* **Working data**:

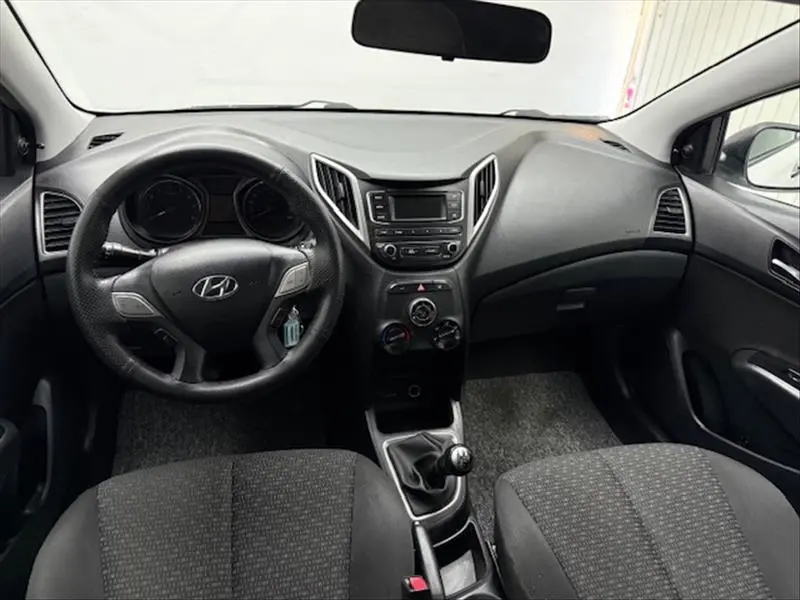 HYUNDAI HB 20 Hatch - Foto
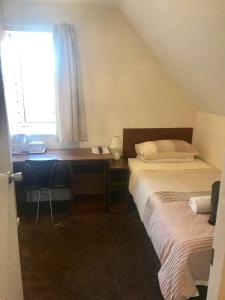 Ένα ή περισσότερα κρεβάτια σε δωμάτιο στο Landguard House Bed Only +14 φωτογραφίες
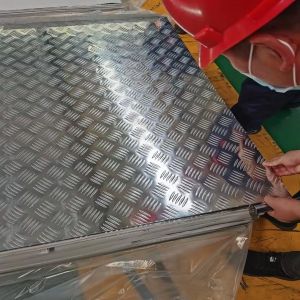 China Mill Finish 3003 5052 Aluminum Diamond Plate 40 Brinell Hardness Customizable Length and Bar Height on sale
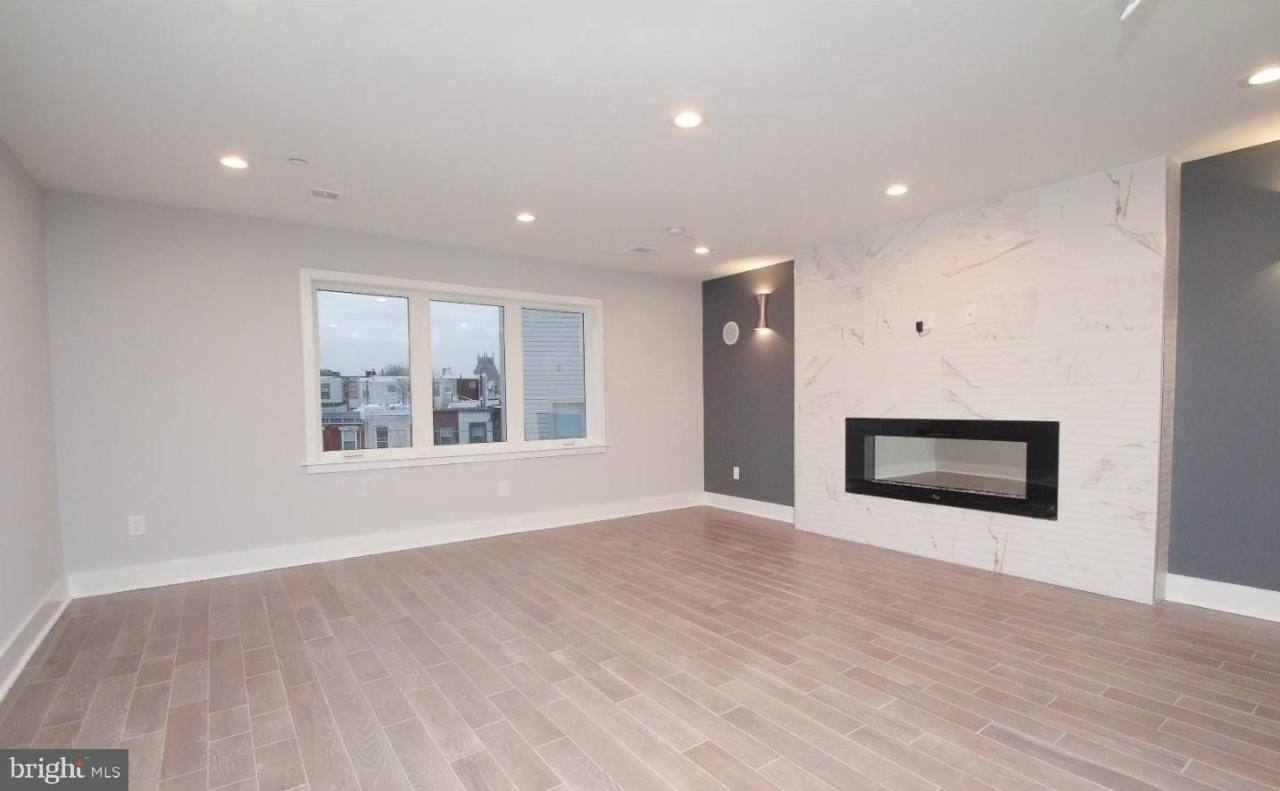 2562 FRANKFORD Avenue unit: 3F
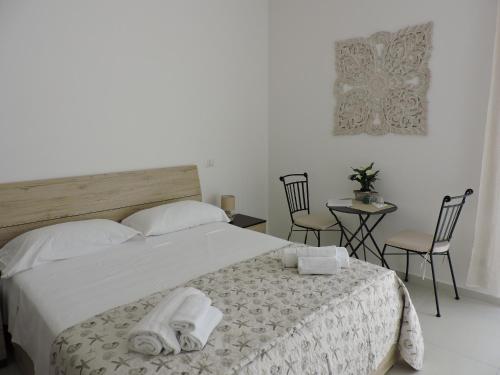 a bedroom with a bed with towels on it at La casa del Moro in Sabaudia
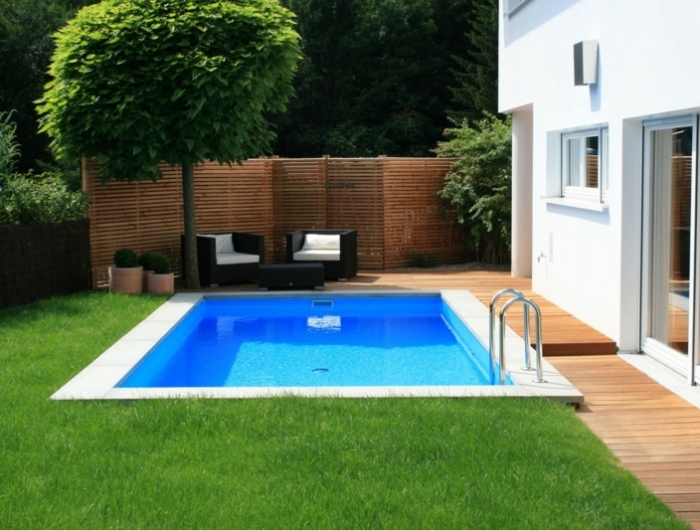 amenagement autour d une piscine une petite piscine imposable dans le jardin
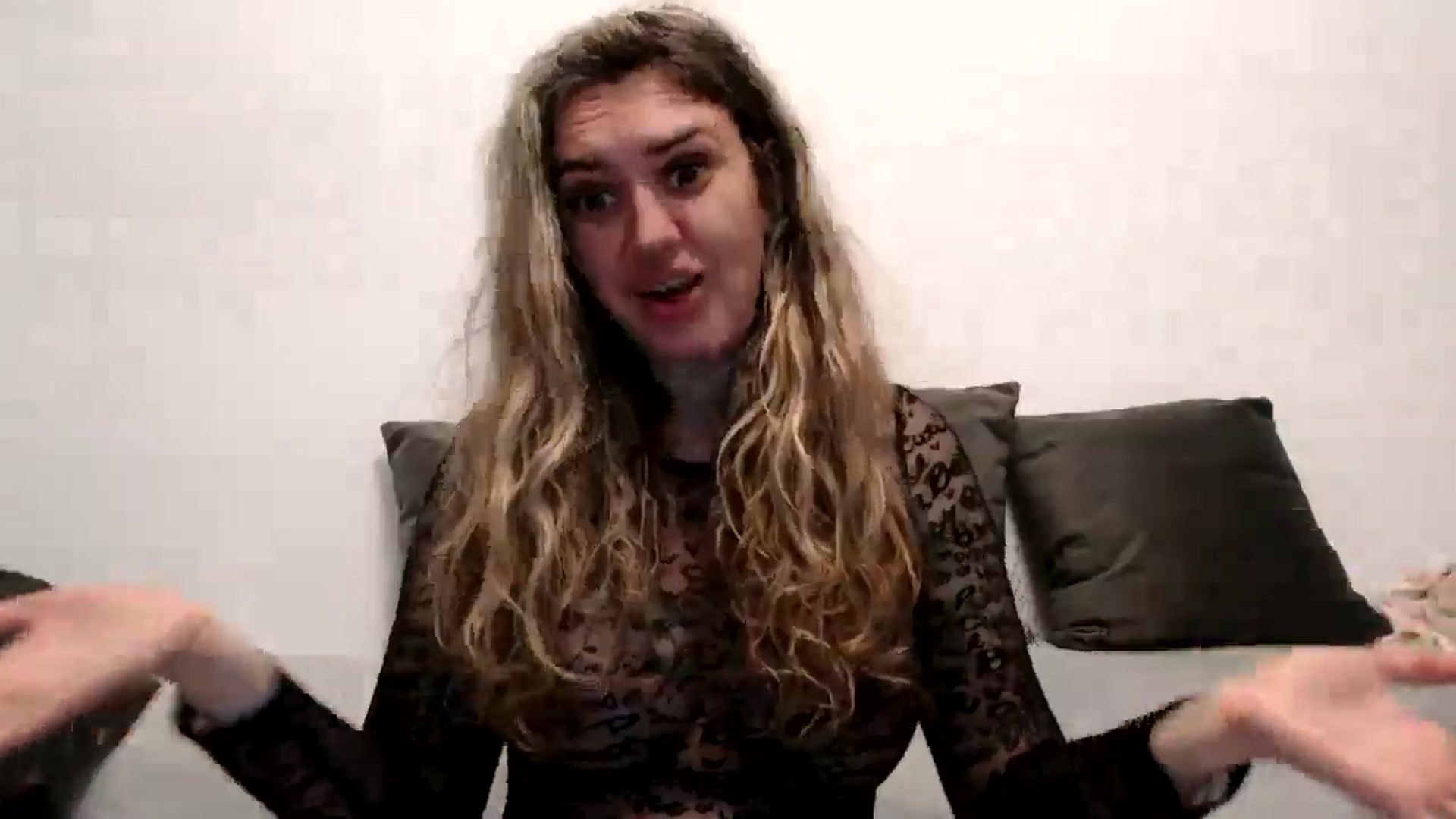 Gallery image thumbnail from MissDivinna's myfreecams stream on, 05/05/2026, 02:42 image 12 of 20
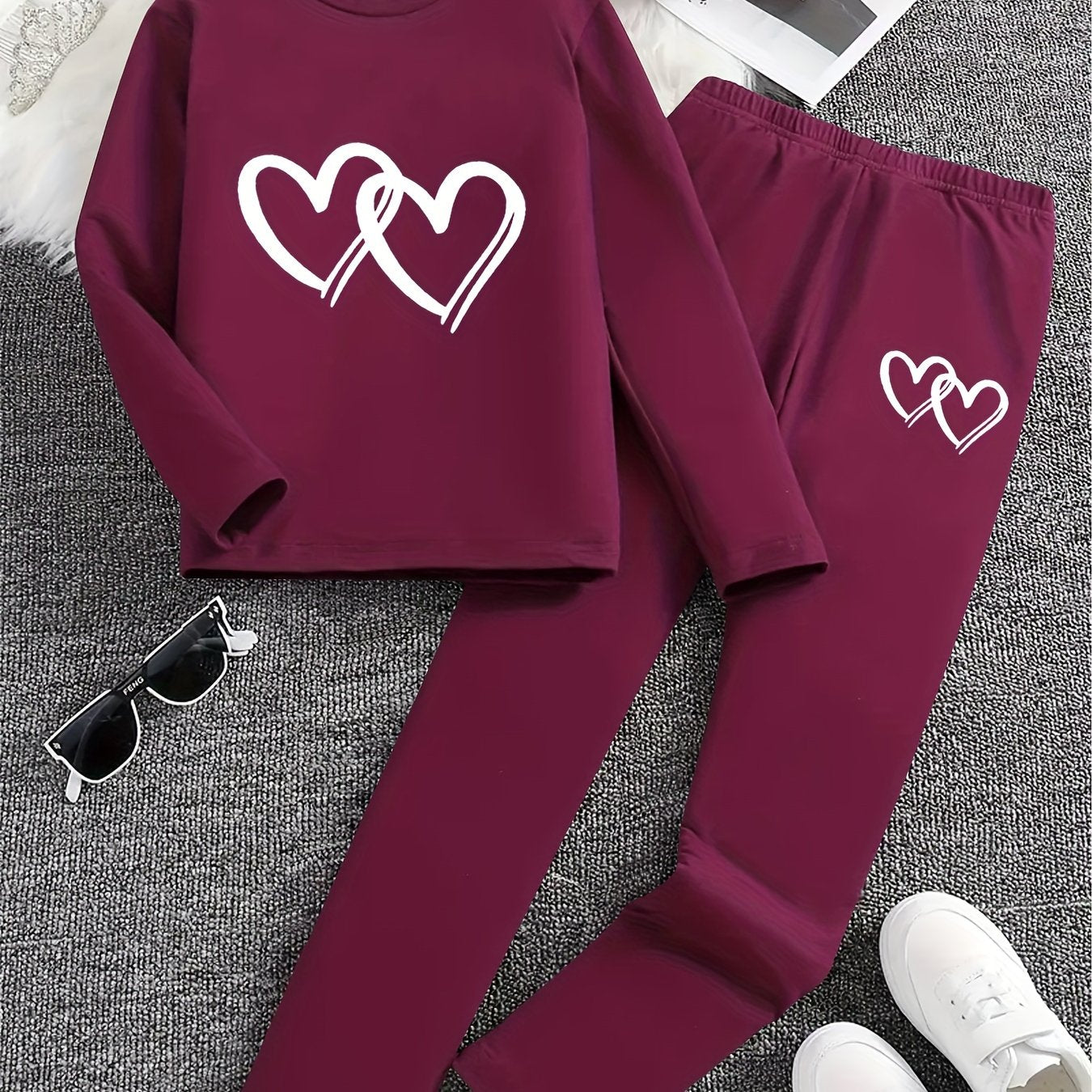 Girls' personalized love print spring and autumn set includes a round neck long sleeve t-shirt and trousers for small to medium children.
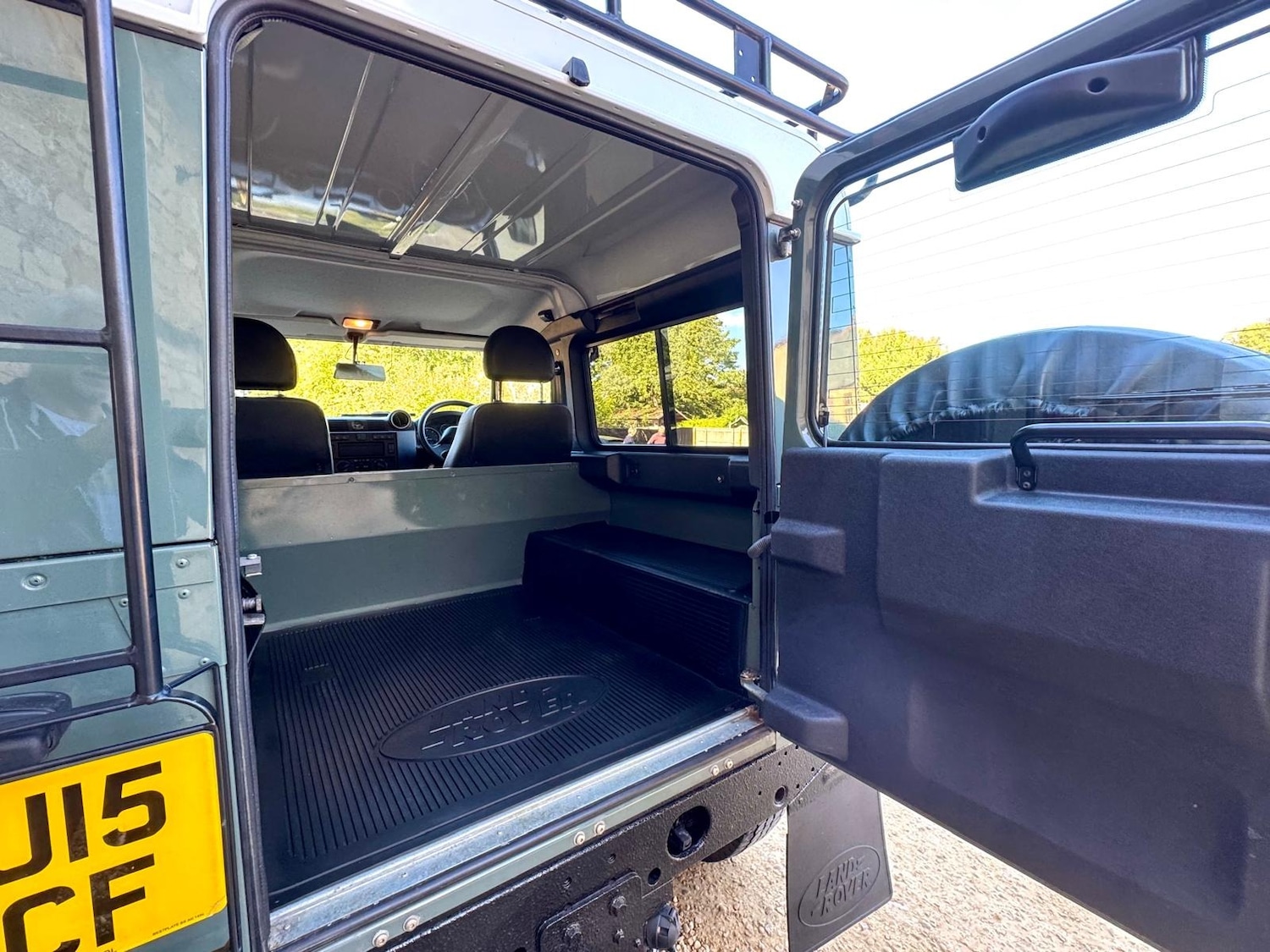 Used Land Rover Defender 2015 for sale - 76077534: Photo 9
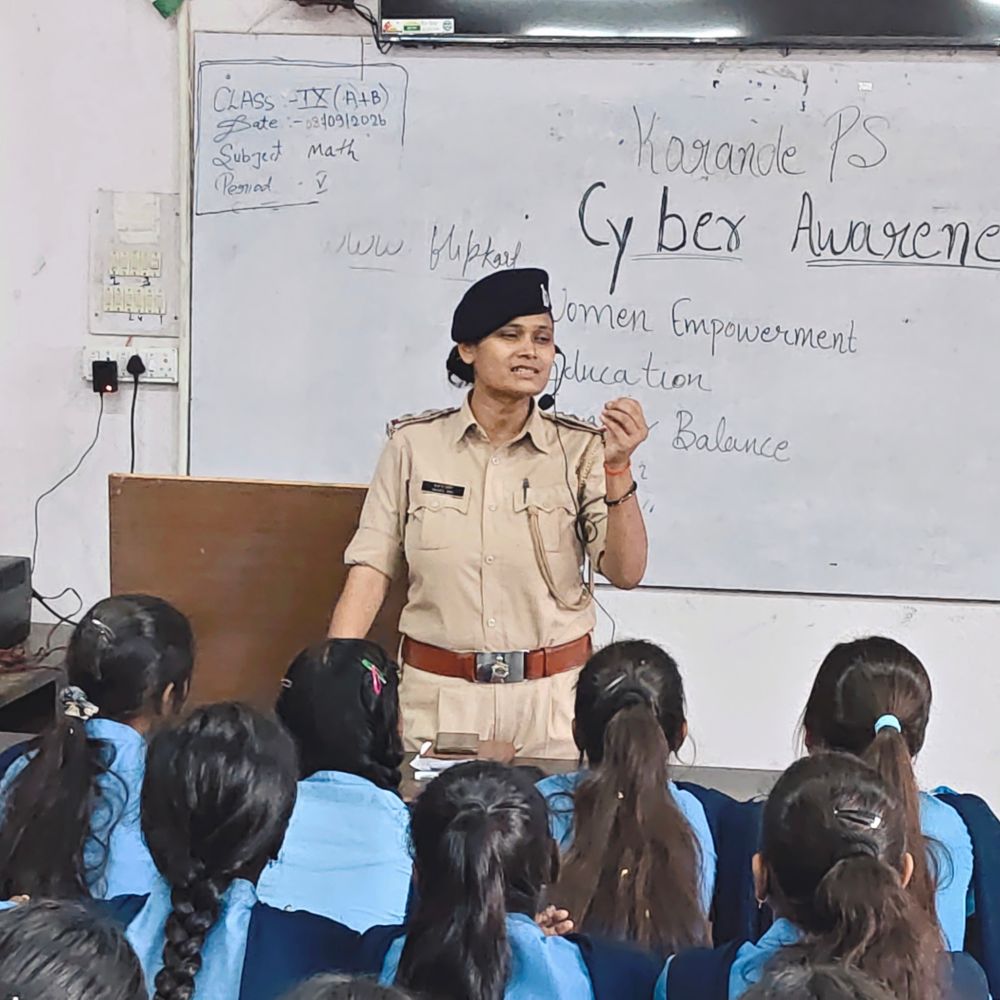 शेखपुरा में छात्राओं को मनचलों से बचाव के टिप्स:बच्चियों को डायल 112 की मदद लेने की सलाह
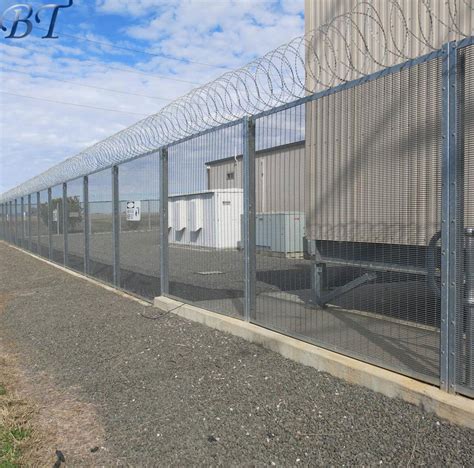 PVC Coated Anti Climb 358 High Security Fencing China Anti Climb Wire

* **Work to complete**:
The listing above needs to be output again exactly. Don't include the pictures.

* **Task output**:
 HYUNDAI HB 20 Hatch - Foto
 Ένα ή περισσότερα κρεβάτια σε δωμάτιο στο Landguard House Bed Only +14 φωτογραφίες
 China Mill Finish 3003 5052 Aluminum Diamond Plate 40 Brinell Hardness Customizable Length and Bar Height on sale
 2562 FRANKFORD Avenue unit: 3F
 a bedroom with a bed with towels on it at La casa del Moro in Sabaudia
 amenagement autour d une piscine une petite piscine imposable dans le jardin
 Gallery image thumbnail from MissDivinna's myfreecams stream on, 05/05/2026, 02:42 image 12 of 20
 Girls' personalized love print spring and autumn set includes a round neck long sleeve t-shirt and trousers for small to medium children.
 Used Land Rover Defender 2015 for sale - 76077534: Photo 9
 शेखपुरा में छात्राओं को मनचलों से बचाव के टिप्स:बच्चियों को डायल 112 की मदद लेने की सलाह
 PVC Coated Anti Climb 358 High Security Fencing China Anti Climb Wire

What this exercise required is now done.